(Web page caption snippets)
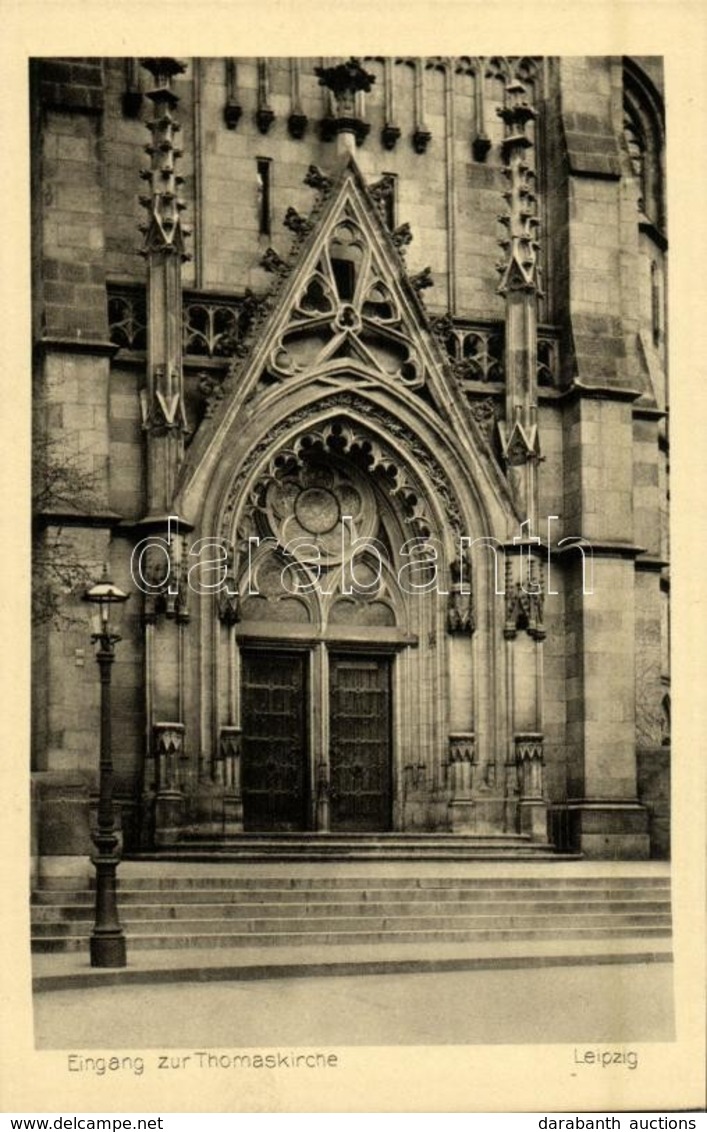 ** T1 Leipzig, Eingang Zur Thomaskirche / Church, Entrance - Ohne Zuordnung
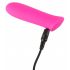 Bala Vibrador Power Smile - recargable, ultra potente, tamaño mini (rosa)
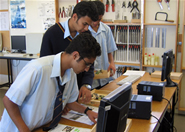 Year 12 students working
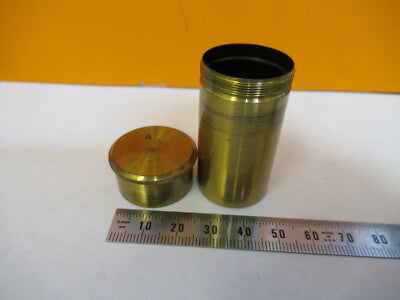 Carl Zeiss AG Germany Empty Brass Objective Canister Microscope Part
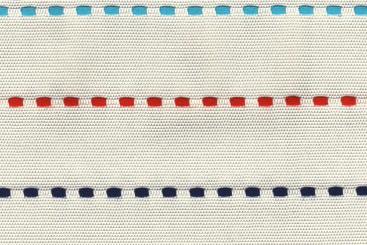 Creme/Blau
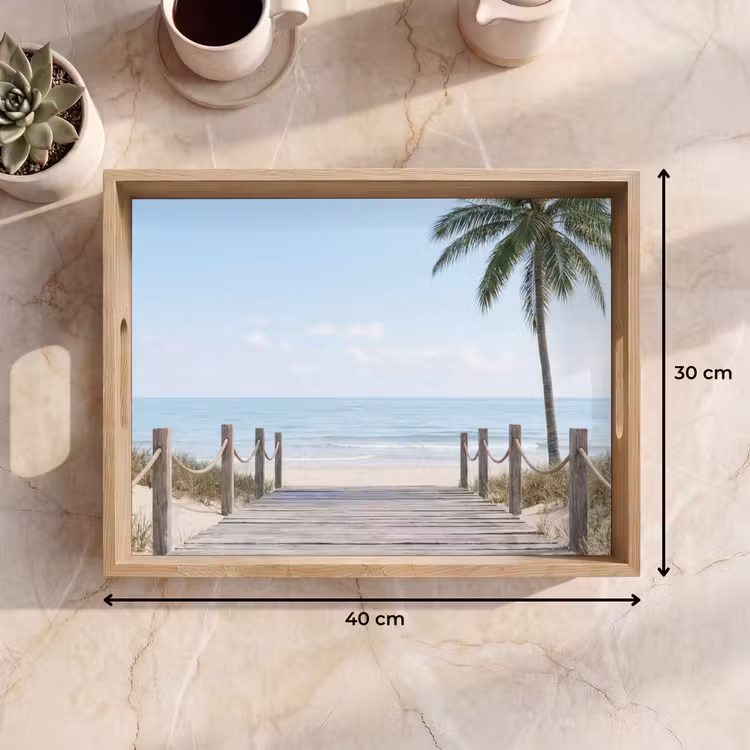 Dienblad - Palmbomen - Pad - Horizon — 9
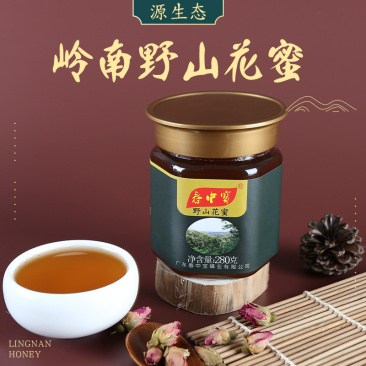 春中宝野山百花蜜蜂蜜瓶装280g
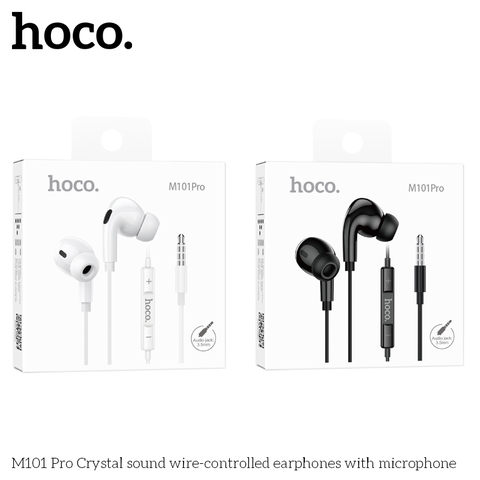 Tai nghe dây đầu tròn Hoco M101 Pro 3.5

Work item: Quote each record exactly as it stands, minus the pictures.

Answer below:
 ** T1 Leipzig, Eingang Zur Thomaskirche / Church, Entrance - Ohne Zuordnung
 Bala Vibrador Power Smile - recargable, ultra potente, tamaño mini (rosa)
 Year 12 students working
 Carl Zeiss AG Germany Empty Brass Objective Canister Microscope Part
 Creme/Blau
 Dienblad - Palmbomen - Pad - Horizon — 9
 春中宝野山百花蜜蜂蜜瓶装280g
 Tai nghe dây đầu tròn Hoco M101 Pro 3.5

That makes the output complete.